▶ **Prompt**
In the output, include exactly the lines from the beginning of the records up to and including the one that contains "Nobody Cares Work", and leave out the pictures.
(Extracted information)
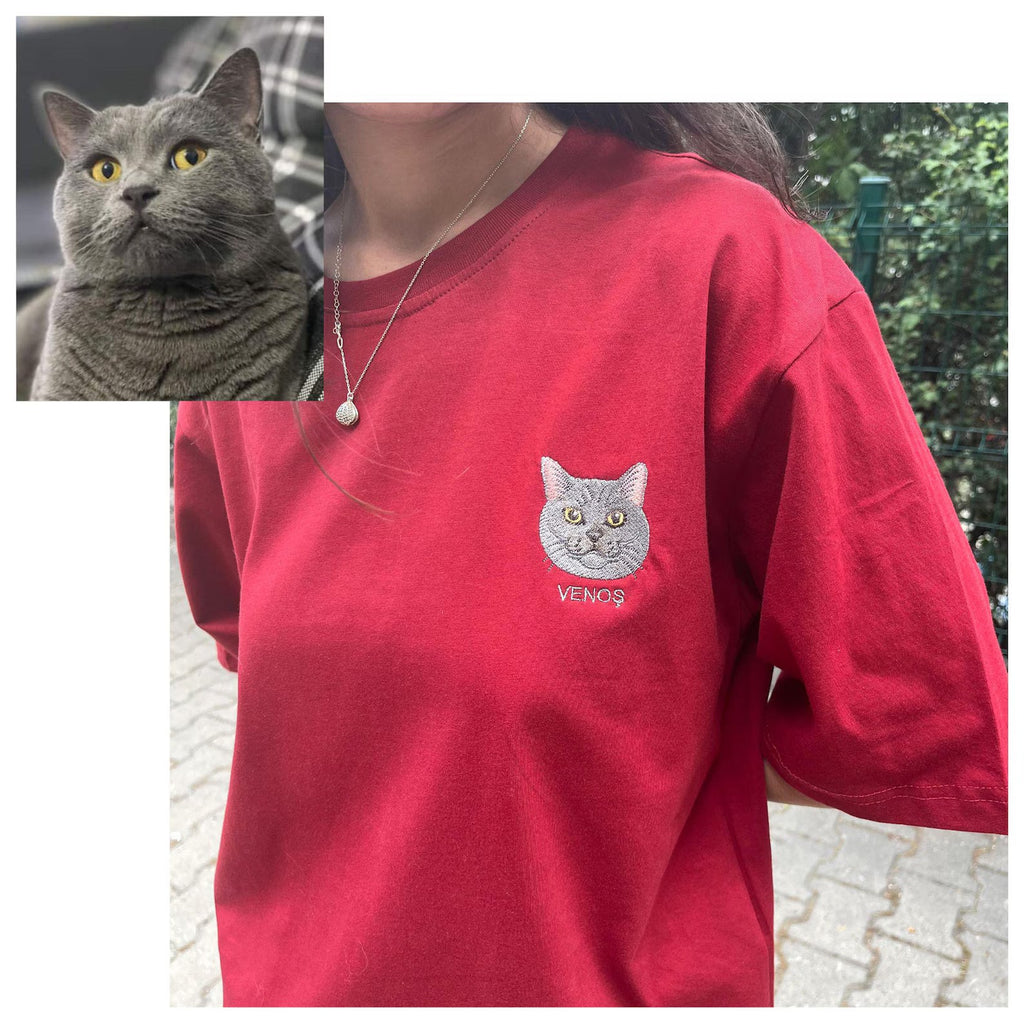 New Arrival! Personlig broderad t-shirt med husdjursfoto – Centrerat broderi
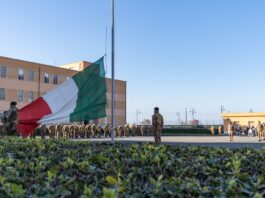 Gli studenti di Anzio 1 ospiti alla caserma “Santa Barbara”. Emozioni con l’alzabandiera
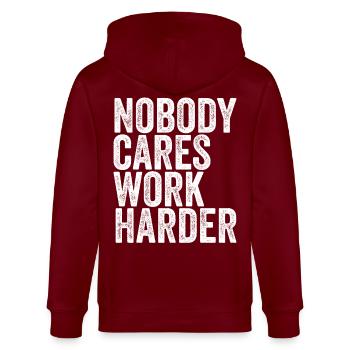 Nobody Cares Work Harder - Stanley/Stella Unisex Bio-Kapuzenjacke CULTIVATOR  - Burgunderrot - Hinten - Anna (173cm)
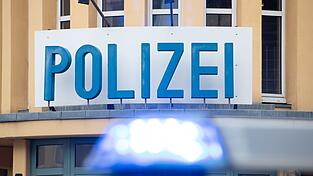 Die Polizei bittet Zeugen um Hinweise zu den Tätern. (Symbolbild) Die Polizei bittet Zeugen um Hinweise zu den Tätern. (Symbolbild)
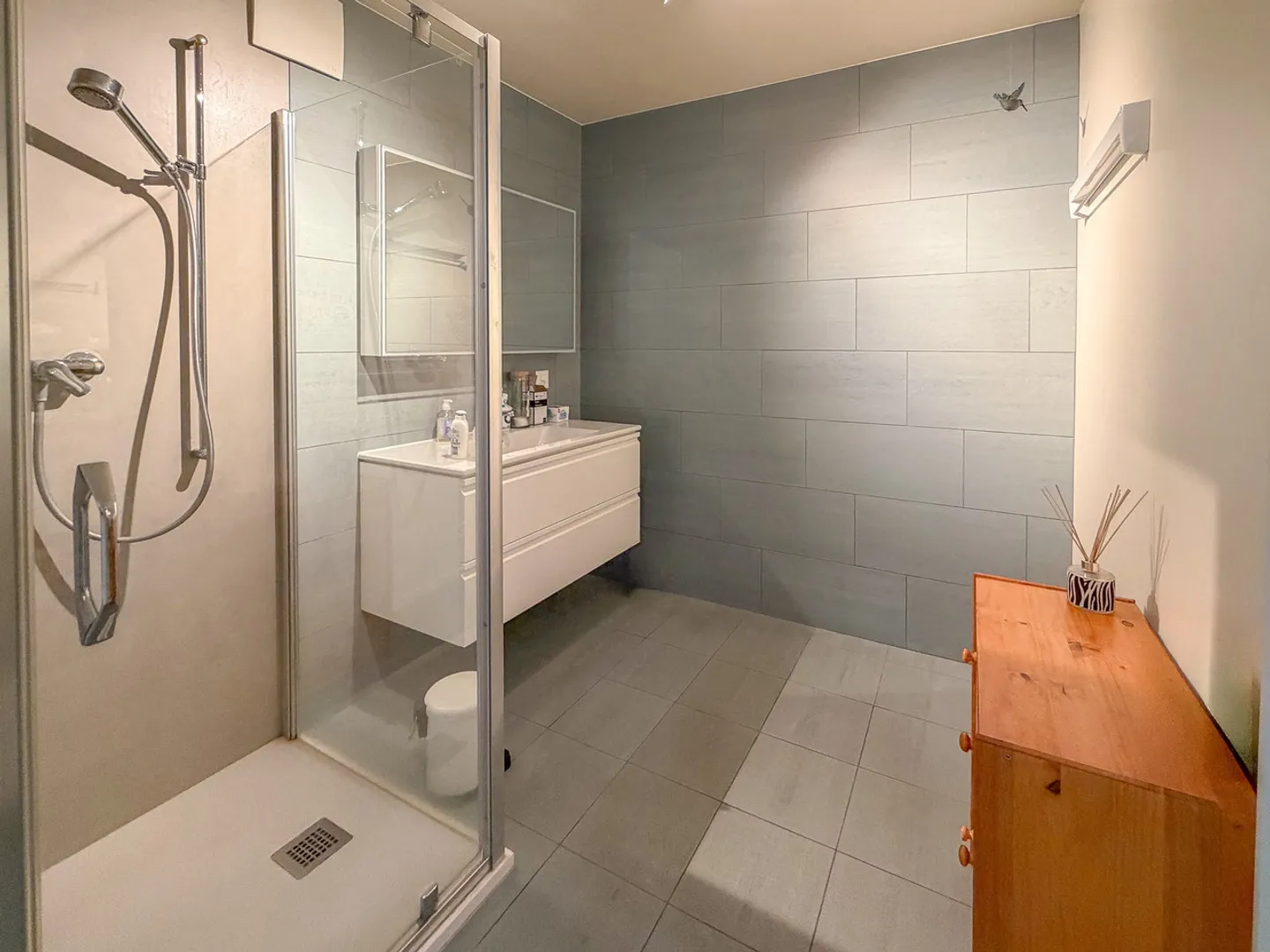 Ampio appartamento di 4,5 stanze con 127 m2 e vista magnifica - Foto 12 di 18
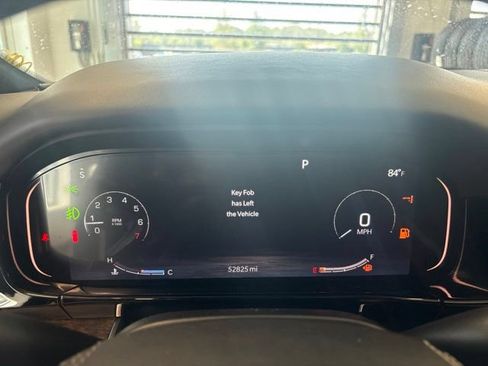 Used 2022 Jeep Grand Wagoneer Series II w/ Premium Group II AWD/4WD image 42
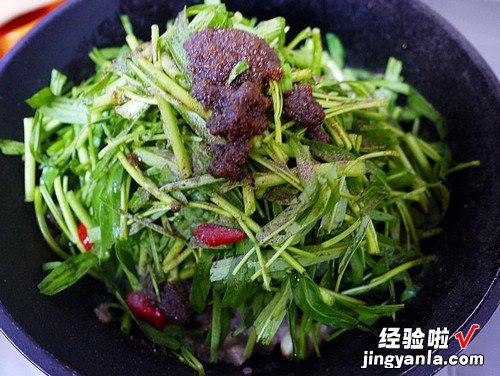 沙茶牛肉炒空心菜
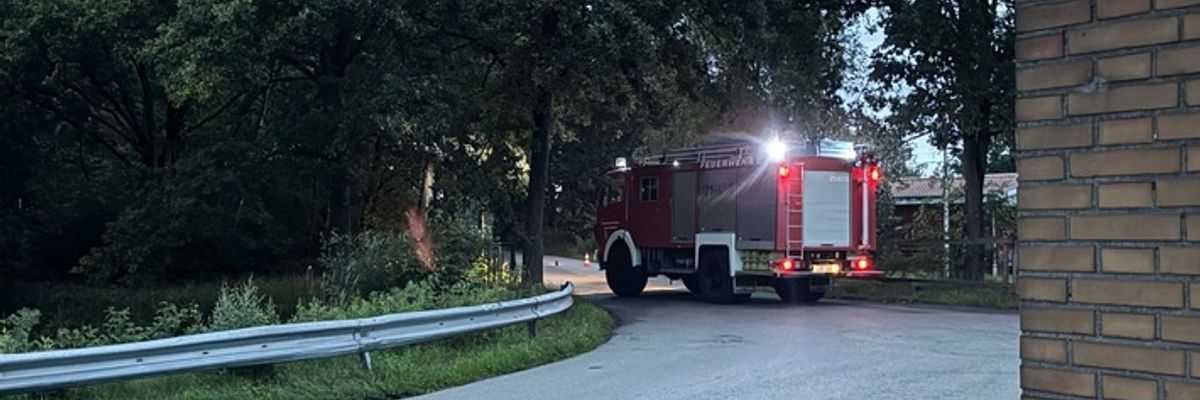FW Flotwedel: Ölfilm auf der Aller - Leckgeschlagener Hydraulikzylinder sorgt für Feuerwehreinsatz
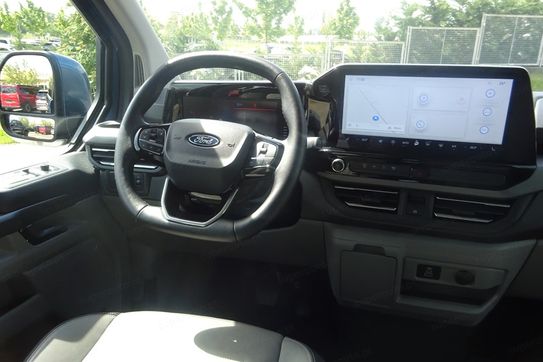 Ford Tourneo Custom 320 L2H1 Titanium A8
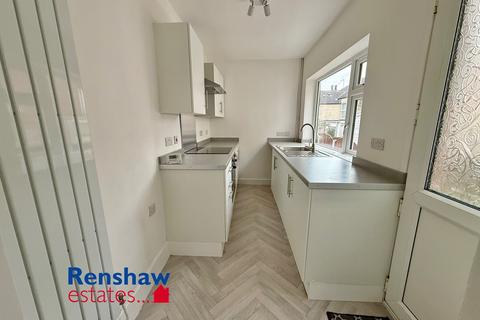 3 bedroom terraced house to rent, Alvenor Street, Ilkeston, Derbyshire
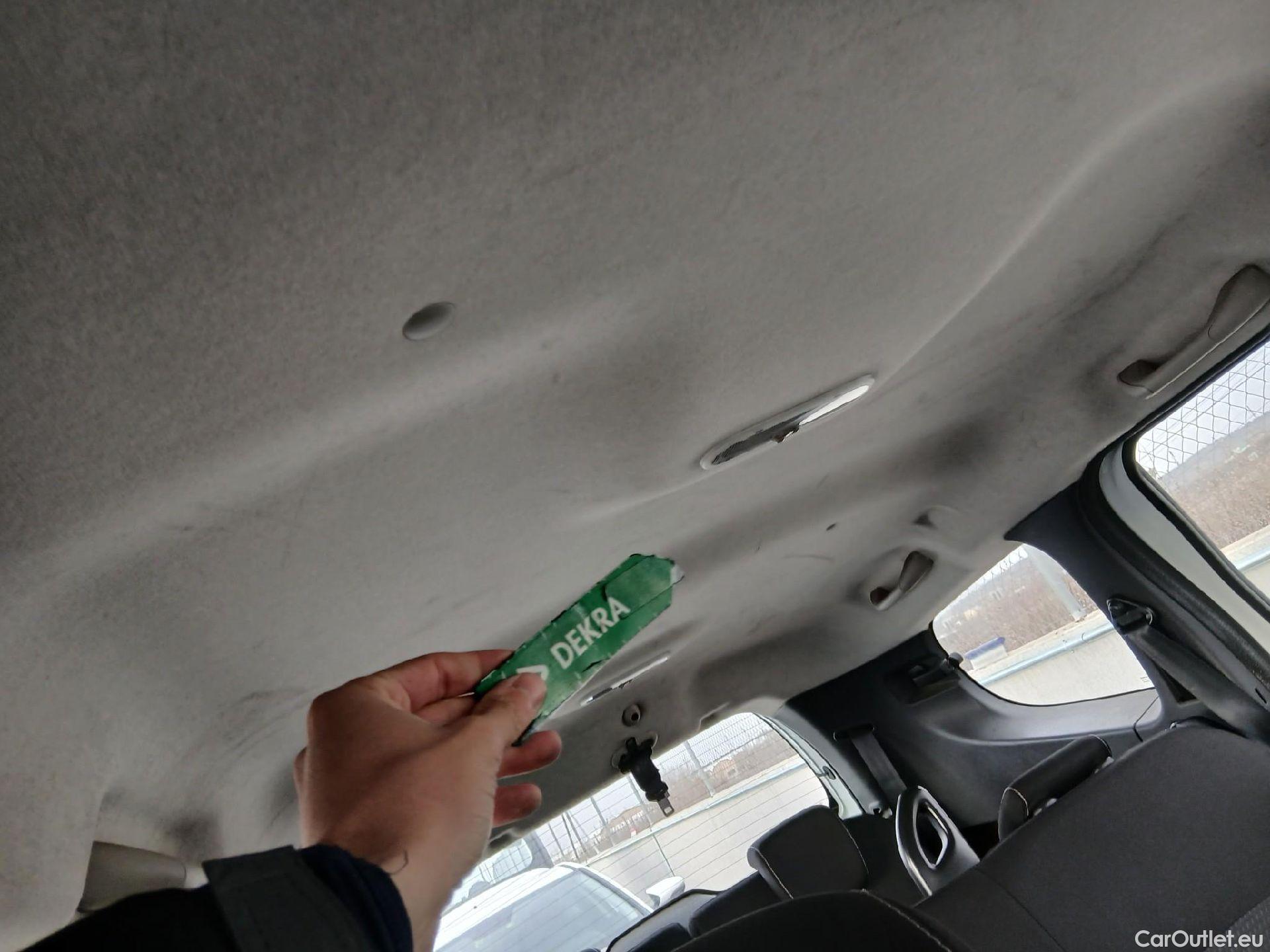  Dacia  Lodgy DACIA  / 2012 / 5P / monovolumen compacto Comfort Blue dCi 70kW (95CV) 7Pl - 18 #36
(End Extracted information)
▶ **Written response**
 New Arrival! Personlig broderad t-shirt med husdjursfoto – Centrerat broderi
 Gli studenti di Anzio 1 ospiti alla caserma “Santa Barbara”. Emozioni con l’alzabandiera
 Nobody Cares Work Harder - Stanley/Stella Unisex Bio-Kapuzenjacke CULTIVATOR  - Burgunderrot - Hinten - Anna (173cm)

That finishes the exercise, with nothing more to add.